# Required action
When the line with "Maschera Decorativa da" turns up below, begin repeating exactly, and carry on through the line with "21 Silver Spring"; no pictures go into the copy.

# Source data

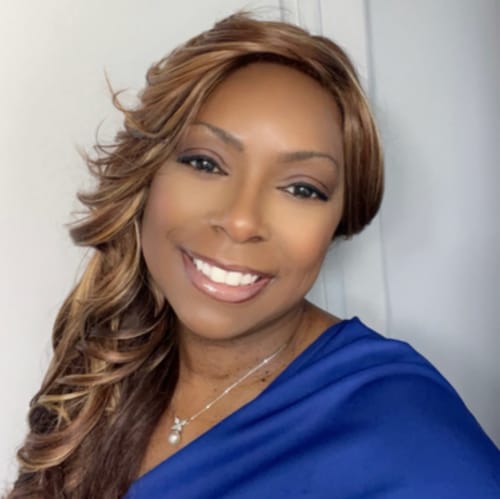 Headshot of Ro Dawkins, NP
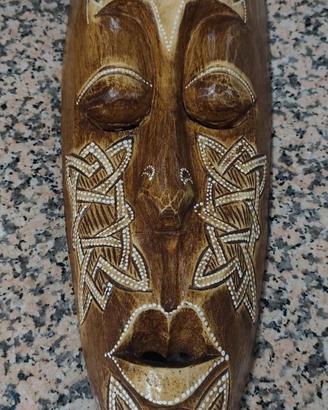 Maschera Decorativa da Parete in Legno – 25233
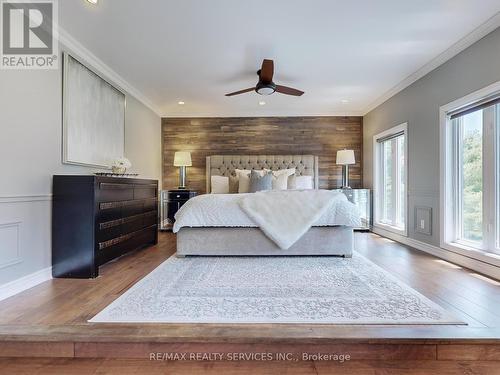 21 Silver Spring Crescent, Uxbridge, ON - Indoor Photo Showing Bedroom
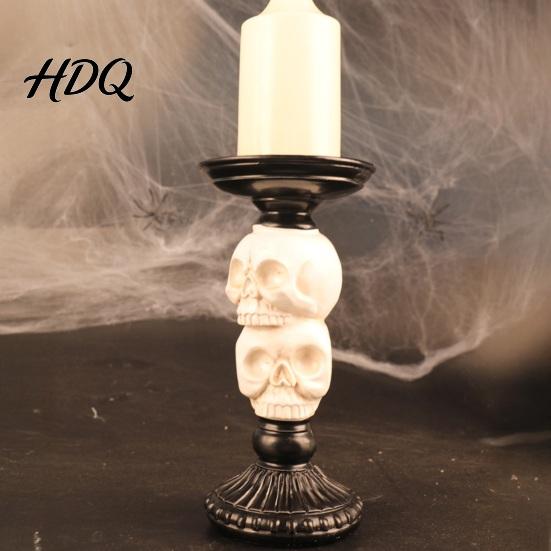 Adornos Espeluznantes de Casa Encantada Portavelas Gótico Calavera de Cuervo de Resina de Halloween Portavelas Pilar Escultura Hecha a Mano Base Soporte Vintage para Velas Cónicas para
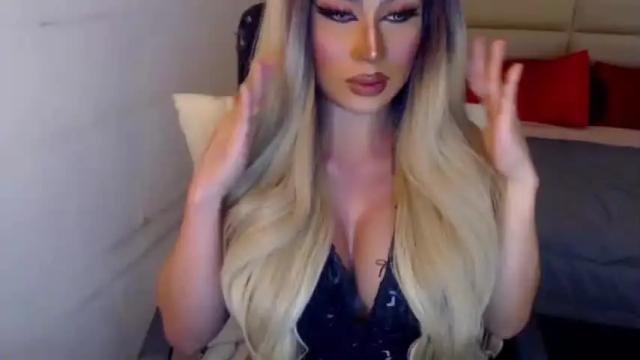 Image 2 of yourmistressofevil Stream on Chaturbate on 14 months ago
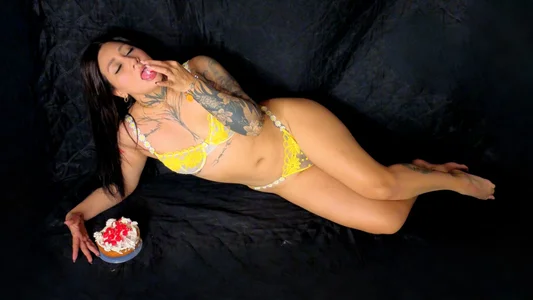 andrea_miller1 HAPPY BIRTHDAY FOR ME Pic 3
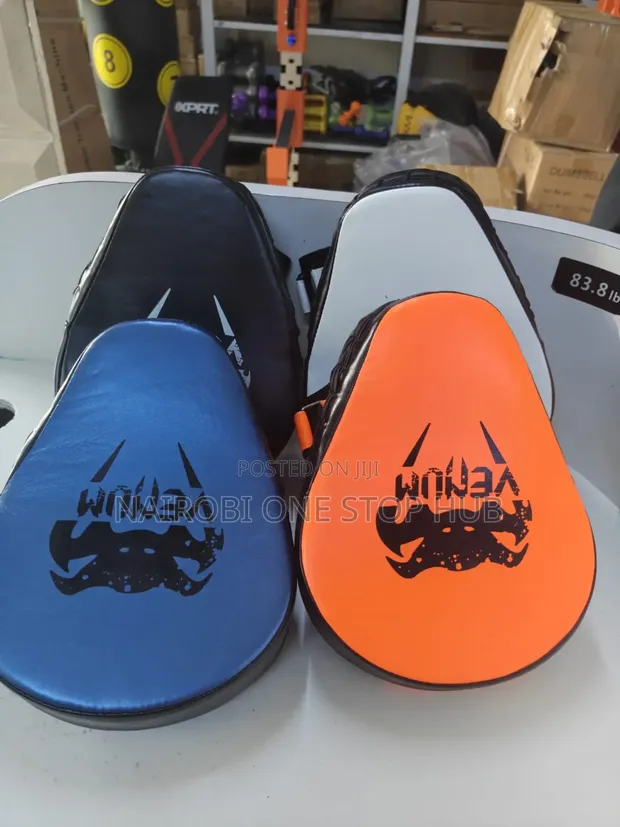 Bodyfit Boxing Pads - Mpya Kabisa - 1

# Exercise response
 Maschera Decorativa da Parete in Legno – 25233
 21 Silver Spring Crescent, Uxbridge, ON - Indoor Photo Showing Bedroom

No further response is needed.